Genome-wide SNP datasets for the non-native pink salmon in Norway
Data files
Feb 05, 2024 version files 78.66 MB
-
OGO-3RAD-D2-NEUTRAL-SNPS.vcf
-
README.md
Abstract
Effective management of non-indigenous species requires knowledge of their dispersal factors and founder events. We aim to identify the main environmental drivers favouring dispersal events along the invasion gradient and to characterize the spatial patterns of genetic diversity in feral populations of the non-native pink salmon within its epicentre of invasion in Norway. We first conducted SDM using four modelling techniques with varying levels of complexity, which encompassed both regression-based and tree-based machine-learning algorithms, using climatic data from the present to 2050. Then we used the triple-enzyme restriction-site associated DNA sequencing (3RADseq) approach to genotype over 30,000 high-quality single-nucleotide polymorphisms to elucidate patterns of genetic diversity and gene flow within the pink salmon putative invasion hotspot. We discovered temperature- and precipitation-related variables drove pink salmon distributional shifts across its non-native ranges, and that climate-induced favourable areas will remain stable for the next 30 years. In addition, all SDMs identified north-eastern Norway as the epicentre of the pink salmon invasion, and genomic data revealed that there was minimal variation in genetic diversity across the sampled populations at a genome-wide level in this region. While, upon utilizing a specific group of ‘diagnostic’ SNPs, we observed a significant degree of genetic differentiation, ranging from moderate to substantial, and detected four hierarchical genetic clusters concordant with geography. Our findings suggest that fluctuations of climate extreme events associated with ongoing climate change will likely maintain environmental favourability for the pink salmon outside its ‘native’/introduced ranges. Local invaded rivers are themselves a potential source population of invaders in the ongoing secondary spread of pink salmon in Northern Norway. Our study shows that SDMs and genomic data can reveal species distribution determinants and provide indicators to aid in post-control measures and potential inferences of their success.

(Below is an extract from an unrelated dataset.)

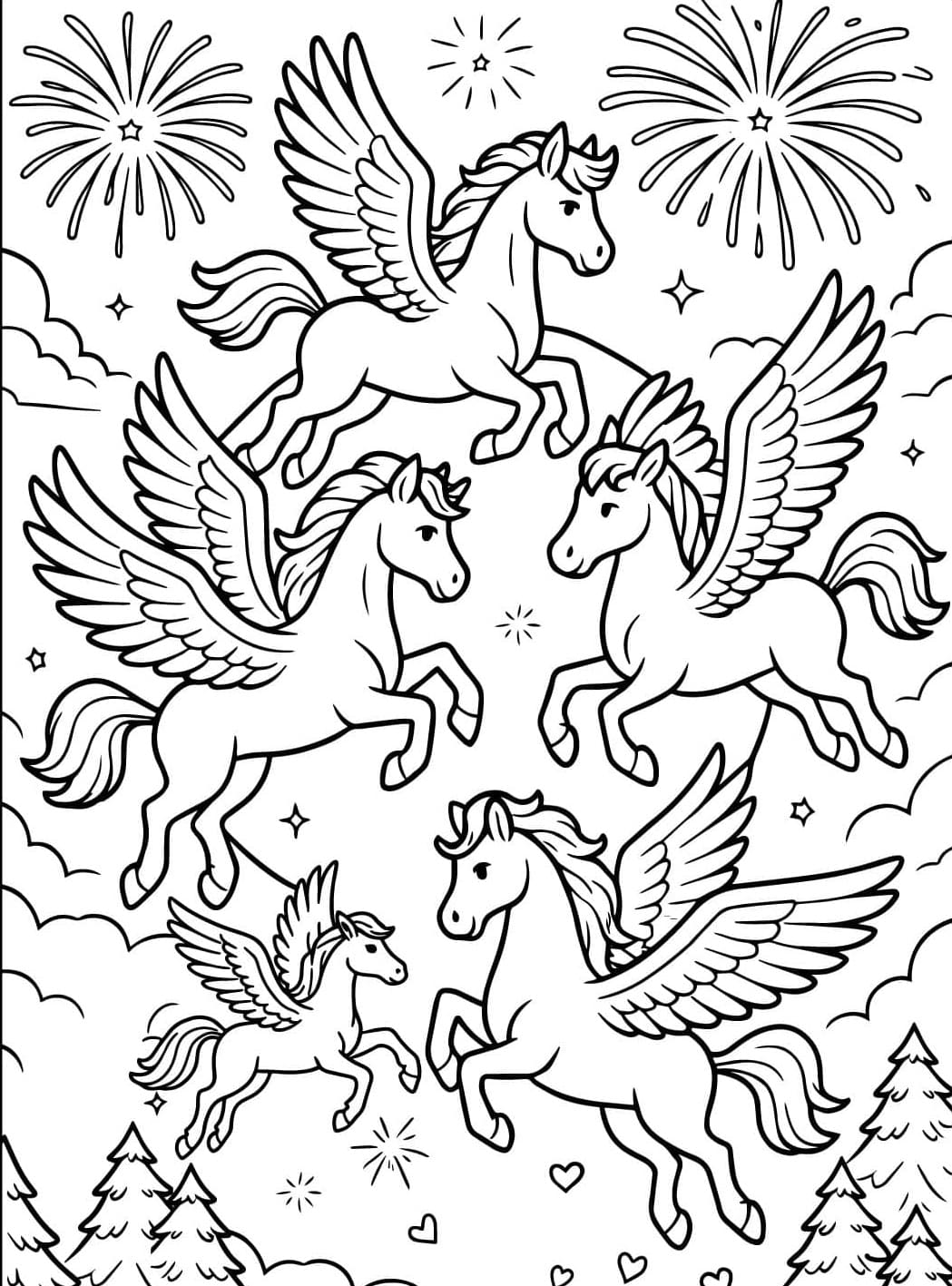 Yötaivaan Pegasus piirustus Värityskuva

README: Genome-wide SNP datasets for the non-native pink salmon in Norway
The complete single nucleotide polymorphisms (SNPs) dataset underwent several filtering steps, including thinning SNPs to a density of one SNP per kilobase, removing closely related individuals, eliminating candidate paralogous regions of the genome (known as multi-site variants or MSVs), and excluding SNPs within non-chromosomal scaffolds. This resulted in a final panel of 43,719 polymorphic SNPs, with a genotyping rate of 0.98 and a sample size of 73 individuals. We eliminated all SNPs that were potentially influenced by selection, as determined by two genome scans for outlier tests. As a result, we obtained a final dataset consisting of 33,860 SNPs that were considered to be neutral. From this dataset, we derived a SNP subset dataset of 250 'diagnostic' SNPs with the highest locus-specific FST.

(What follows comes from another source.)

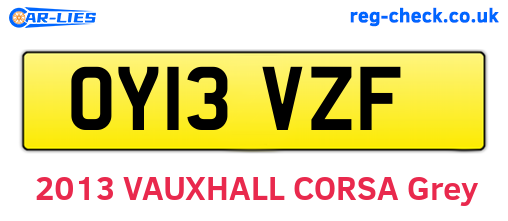 OY13VZF are the vehicle registration plates.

Description of the data and file structure
The ‘neutral’ full-SNP dataset: OGO-3RAD-D2-NEUTRAL-SNPS.vcf
NOTE: Population codes are encoded in sample names as the initial three characters, separated by an underscore, from the sample ID within the VCF files.
Methods
3RAD library preparation and sequencing: We prepared RADseq libraries using the Adapterama III library preparation protocol of Bayona-Vásquez et al., (2019; their Supplemental File SI). For each sample, ~40-100 ng of genomic DNA were digested for 1 h at 37 °C in a solution with 1.5 µl of 10x Cutsmart® buffer, 0.25 µl (NEB®) of Read 1 enzyme (MspI) at 20 U/µl, 0.25 µl of Read 2 enzyme (BamHI-HF) at 20 U/µl, 0.25 µl of Read 1 adapter dimer-cutting enzyme (ClaI) at 20 U/ µl, 1 µl of i5Tru adapter at 2.5 µM, 1 µl of i7Tru adapter at 2.5 µM and 0.75 µl of dH2O. After digestion/ligation, samples were pooled and cleaned with 1.2x Sera-Mag SpeedBeads (Fisher Scientiifc™) in a 1.2:1 (SpeedBeads:DNA) ratio, and we eluted cleaned DNA in 60 µL of TLE. An enrichment PCR of each sample was carried with 10 µl of 5x Kapa Long Range Buffer (Kapa Biosystems, Inc.), 0.25 µl of KAPA LongRange DNA Polymerase at 5 U/µl, 1.5 µl of dNTPs mix (10 mM each dNTP), 3.5 µl of MgCl2 at 25 mM, 2.5 µl of iTru5 primer at 5 µM, 2.5 µl of iTru7 primer at 5 µM and 5 µl of pooled DNA. The i5 and i7 adapters ligated to each sample using a unique combination (2 i5 X 1 i7 indexes). The temperature conditions for PCR enrichment were 94 °C for 2 min of initial denaturation, followed by 10 cycles of 94 °C for 20 sec, 57 °C for 15 sec and 72° for 30 sec, and a final cycle of 72 °C for 5 min. The enriched samples were each cleaned and quantified with a Quantus™ Fluorometer. Cleaned, indexed and quantified library pools were pooled to equimolar concentrations and were sent to the Norwegian Sequencing Centre (NSC) for quality control and subsequent final size selection using a one-sided bead clean-up (0.7:1 ratio) to capture 550 bp +/- 10% fragments, and the final paired-end (PE) 150 bp sequencing on one lane each of the Illumina HiSeq 4000 platform.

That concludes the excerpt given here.